▶ _WHAT TO PRODUCE_: Leave the pictures out. Retype exactly the lines below from the one containing "Laundry Basket Horizontal" through the one containing "COSTWAY 180cm Árbol", and no others.

▶ _GIVEN ENTRIES_:
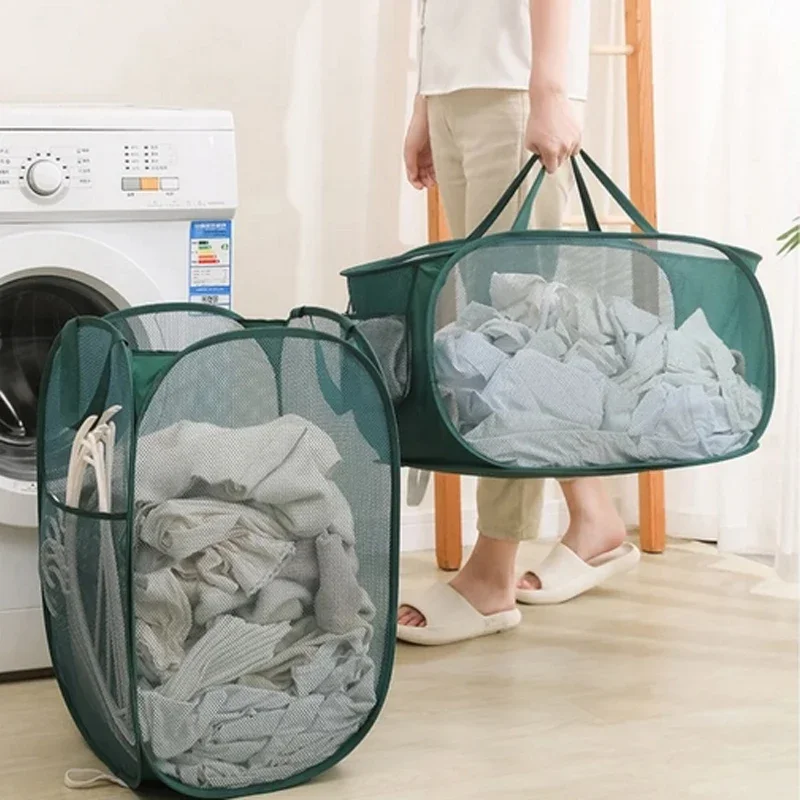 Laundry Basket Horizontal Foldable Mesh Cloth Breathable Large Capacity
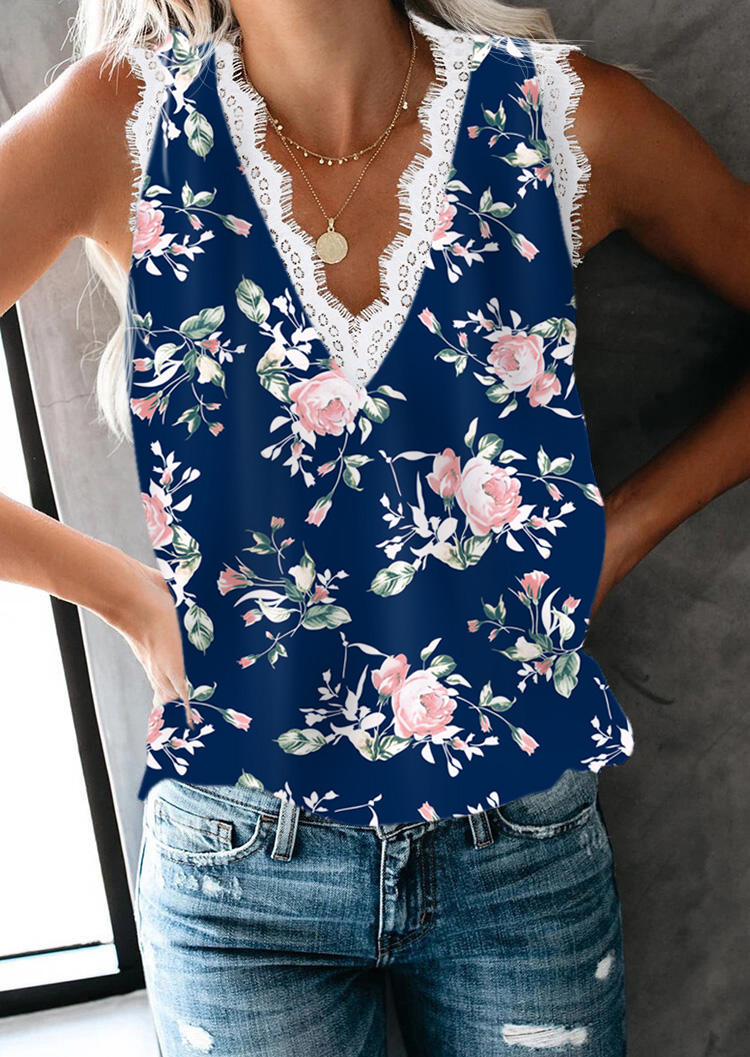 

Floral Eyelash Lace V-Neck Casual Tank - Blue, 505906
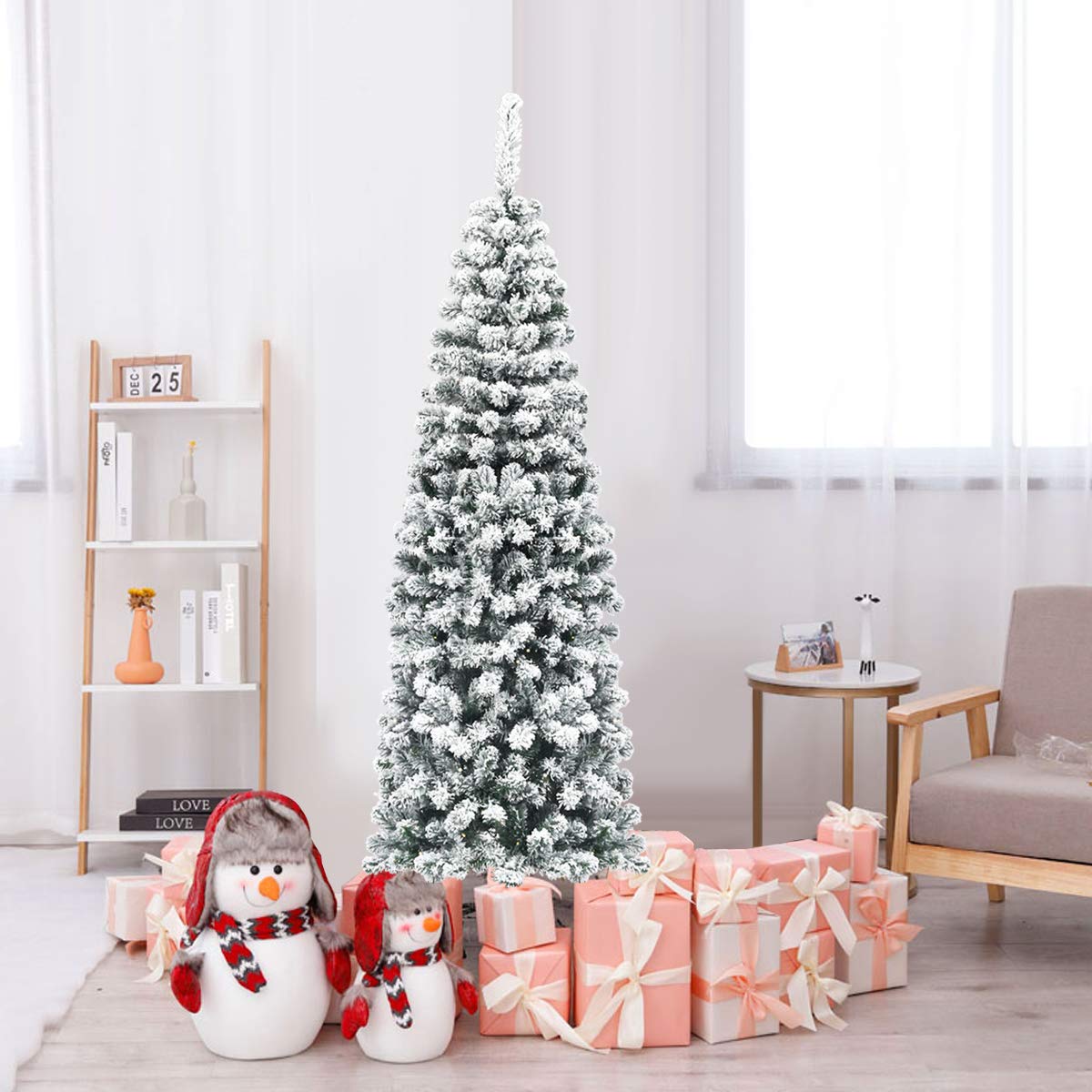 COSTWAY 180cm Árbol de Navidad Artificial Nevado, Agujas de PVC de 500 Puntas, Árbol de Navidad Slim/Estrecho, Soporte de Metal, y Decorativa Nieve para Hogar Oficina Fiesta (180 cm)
* * *
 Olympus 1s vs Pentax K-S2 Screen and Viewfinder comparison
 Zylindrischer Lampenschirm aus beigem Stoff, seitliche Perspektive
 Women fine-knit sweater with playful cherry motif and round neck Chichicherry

▶ _TASK OUTPUT_:
 Laundry Basket Horizontal Foldable Mesh Cloth Breathable Large Capacity

Floral Eyelash Lace V-Neck Casual Tank - Blue, 505906
 COSTWAY 180cm Árbol de Navidad Artificial Nevado, Agujas de PVC de 500 Puntas, Árbol de Navidad Slim/Estrecho, Soporte de Metal, y Decorativa Nieve para Hogar Oficina Fiesta (180 cm)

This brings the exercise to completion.